With so many details to know and follow in medical practice billing, it's a daily battle just to get paid. The details can cause billing staff to get mired in minutiae, but to advance, practices must take a broader view.

No matter how small or large your practice, no matter the specialty, look for trends in billing glitches. Look for repeated insurance rejections for the same services, claims that are denied for registration errors, and copayments that weren't paid at the time of service. If you work each account without considering the bigger picture, you'll never be able to stem the tide of problems. Many insurance companies have automated their processes, and if they deny a service for bundling, for example, they are likely going to do it every time. If you're in the trenches working each denial individually, you'll never fix the broader problem.
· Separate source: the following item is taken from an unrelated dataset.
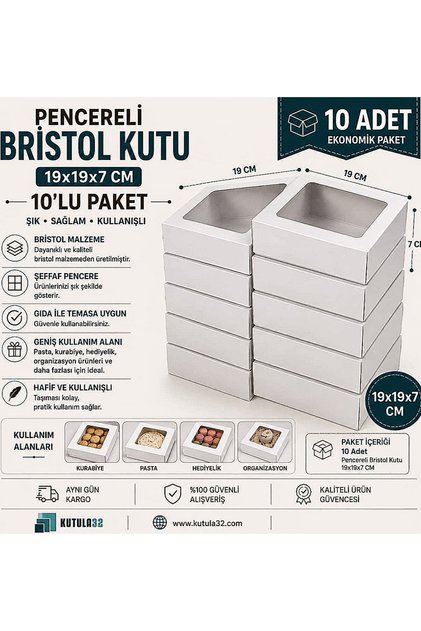 Pencereli kutu 19*19*7 (10 adet)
Consider recent statistics for claims worked per billing staff member: According to the Medical Group Management Association, billing staff in the "better performing" accounts receivable operations handle approximately 9,920 claims annually, compared to a national median of 6,667 claims. It isn't that the billing staff in these better performing operations is working 1.5 times faster to reach those numbers; it's working strategically. If the claim is clean, no human intervention is even needed. There is a mindset to find and fix problems, so they have fewer of them.

Don't get me wrong - the details are critical. However, maintaining a broader view is essential to preventing the details from getting out of control. Don't let the meetings with carrier representatives turn into a formality. Although most experts agree that insurance companies will deny even "perfect" claims 5 percent to 7 percent of the time, the average denial rate for physician practices exceeds 10 percent.

To stay ahead, watch for internal mistakes. Keep a folder for each of your major payers. In it, have your billing staff place examples of problems. Address them during staff meetings, and integrate time of service collections and accurate registration into the performance evaluation of front office staff.

Insurance companies won't pay for your mistakes. On the contrary, since they make money by holding onto yours, they love for you to make mistakes. Identify the problems that come up chronically, and resolve to fix them.